In his second novel, Cats Kill, Nick Fuse delivers a raucous, rollicking, ribald mystery, a comic tour de force in a lighter vein than A Hard Time to Come. While motoring up the New York Thruway en route to Montreal, detective Collin Collins, with his wife Colleen and their cat Fang, drive into a fog bank and end up stuck for the night in the small town of Hoosis Falls, where Collin is accused of murder. The story is loosely — very loosely — based on Dashiell Hammett’s Thin Man series, except Collin and Colleen (the Nick and Nora characters) seem to have been dropped, along with Fang, (remember Asta?) into an alternate universe. Wang’s Wayside Waterhole, the drinking joint through which the protagonists meander, is the hangout for a number of ancient and decrepit, but very vocal, male citizens of Hoosis Falls, who take a perverse interest in the fate of Collin and a prurient interest in his wife. Meanwhile, Collin and the faithful Fang embark on a night of sleuthing that takes them, by means of various tunnels, false fronts and trap doors, from one end of town to the other. After several hours of mayhem, the story ends, as it must, with all mysteries resolved, and Collin, Colleen and Fang back on the road to Montreal.


Excerpts from CATS KILL

All excerpts copyright©1998 by Nick Fuse

"Where are we?" she asked for the tenth time in as many miles.

And for the tenth time in as many miles he replied, "Humph."

Collin and Colleen Collins advanced uncertainly through the night and fog toward Montreal and clearer skies, seated comfortably in the luxury of a rented luxury car complete with fifteen different controls to adjust the interior environment and none to affect the exterior, which closed in around them like a fist full of black cloud.

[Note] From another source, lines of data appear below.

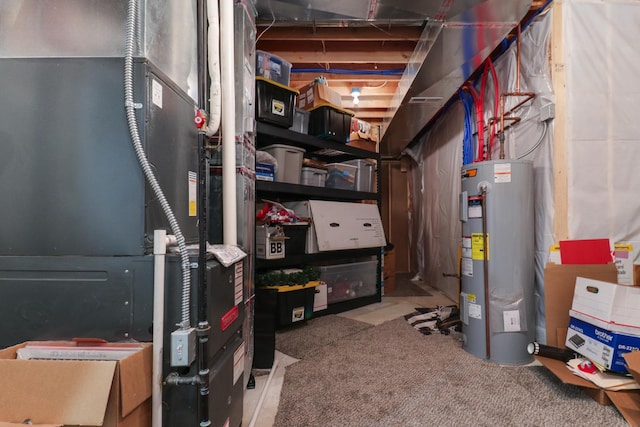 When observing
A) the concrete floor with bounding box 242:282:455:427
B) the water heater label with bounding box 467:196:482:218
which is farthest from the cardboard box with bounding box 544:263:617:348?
the concrete floor with bounding box 242:282:455:427

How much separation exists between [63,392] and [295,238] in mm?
1932

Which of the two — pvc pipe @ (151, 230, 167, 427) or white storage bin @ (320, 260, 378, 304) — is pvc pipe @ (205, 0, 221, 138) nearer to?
pvc pipe @ (151, 230, 167, 427)

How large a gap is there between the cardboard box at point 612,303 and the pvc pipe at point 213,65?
210 centimetres

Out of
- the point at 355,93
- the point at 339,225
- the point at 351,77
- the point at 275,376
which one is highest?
the point at 351,77

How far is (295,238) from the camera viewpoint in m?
2.57

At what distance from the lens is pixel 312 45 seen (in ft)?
9.10

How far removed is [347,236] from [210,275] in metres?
2.13

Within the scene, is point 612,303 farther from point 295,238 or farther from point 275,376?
point 295,238

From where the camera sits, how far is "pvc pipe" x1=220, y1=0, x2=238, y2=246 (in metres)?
1.28

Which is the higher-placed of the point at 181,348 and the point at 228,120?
the point at 228,120

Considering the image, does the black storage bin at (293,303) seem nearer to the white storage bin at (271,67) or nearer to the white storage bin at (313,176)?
the white storage bin at (313,176)

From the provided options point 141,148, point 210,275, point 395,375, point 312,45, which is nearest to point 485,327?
point 395,375

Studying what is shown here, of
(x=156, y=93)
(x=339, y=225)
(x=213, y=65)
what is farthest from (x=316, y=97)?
(x=156, y=93)

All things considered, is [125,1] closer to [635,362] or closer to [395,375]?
[395,375] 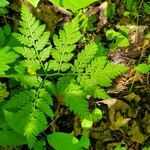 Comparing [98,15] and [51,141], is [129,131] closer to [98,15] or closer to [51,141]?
[51,141]

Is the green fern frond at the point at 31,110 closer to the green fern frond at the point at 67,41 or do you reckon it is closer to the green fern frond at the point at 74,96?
the green fern frond at the point at 74,96

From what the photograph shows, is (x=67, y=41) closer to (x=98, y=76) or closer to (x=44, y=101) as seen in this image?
(x=98, y=76)

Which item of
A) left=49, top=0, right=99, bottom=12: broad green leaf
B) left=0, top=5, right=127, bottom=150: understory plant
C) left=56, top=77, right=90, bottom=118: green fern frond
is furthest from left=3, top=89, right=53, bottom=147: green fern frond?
left=49, top=0, right=99, bottom=12: broad green leaf

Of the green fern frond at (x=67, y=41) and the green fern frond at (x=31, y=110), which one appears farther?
the green fern frond at (x=67, y=41)

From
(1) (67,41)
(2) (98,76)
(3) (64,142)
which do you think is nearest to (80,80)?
(2) (98,76)

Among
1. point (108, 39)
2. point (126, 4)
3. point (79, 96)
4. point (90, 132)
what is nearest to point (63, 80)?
point (79, 96)

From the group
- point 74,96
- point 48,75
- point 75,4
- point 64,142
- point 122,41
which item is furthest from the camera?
point 122,41

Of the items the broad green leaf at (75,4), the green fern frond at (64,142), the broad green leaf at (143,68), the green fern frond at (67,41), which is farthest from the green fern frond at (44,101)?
the broad green leaf at (143,68)

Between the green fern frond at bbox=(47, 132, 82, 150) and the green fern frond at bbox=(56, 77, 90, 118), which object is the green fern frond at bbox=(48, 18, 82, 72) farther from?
the green fern frond at bbox=(47, 132, 82, 150)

"Why can’t you just admit we’re lost?" Colleen pleaded. "If you would just say, ‘We’re lost, darling,’ then at least we would know where we are."

"Detectives don’t get lost, my dear, only muddled. It’s a muddled night for a drive. I’ll give you that."

"We don’t even know what road we’re on," Colleen pointed out.

"Ah, well. All roads lead to Rome, eh darling? At least we’re moving forward. Isn’t this better than sitting in that stuffy airport bar back in Newark, socked in for who knows how long?"

"We’re supposed to be en route to Paris, not Rome, remember? And what is the good of moving forward when you can’t see two feet in front of you? Why do you suppose we haven’t seen another car for miles?"

"You certainly have to be thankful for that," Collin said. "Imagine running into someone else in this fog. And we have this road all to ourselves. We’re making excellent time."

"Getting nowhere fast, you mean. We must have gotten off the main road somehow. I think we should pull over and get our bearings."

"Humph," Collin said again. "Hello, what’s this?"

The rented luxury car came to a sudden stop, giving the seat-belted couple a good shake and sending their perplexed pet pussy, Fang (who had heretofore been sleeping contentedly on top of the back seat), sailing headlong into Colleen’s flight bag that lay open between them.

"Did you see that?" Collin asked breathlessly.

"I just finished telling you, I can’t see a thing! But I do think you could have pulled over with a little more tact. Poor Fangy is all doubled up in my duffel."

"Bigfoot!" Collin said.

"Really, darling, there is no need to get insulting. And my feet are not big. I’m a perfect size seven."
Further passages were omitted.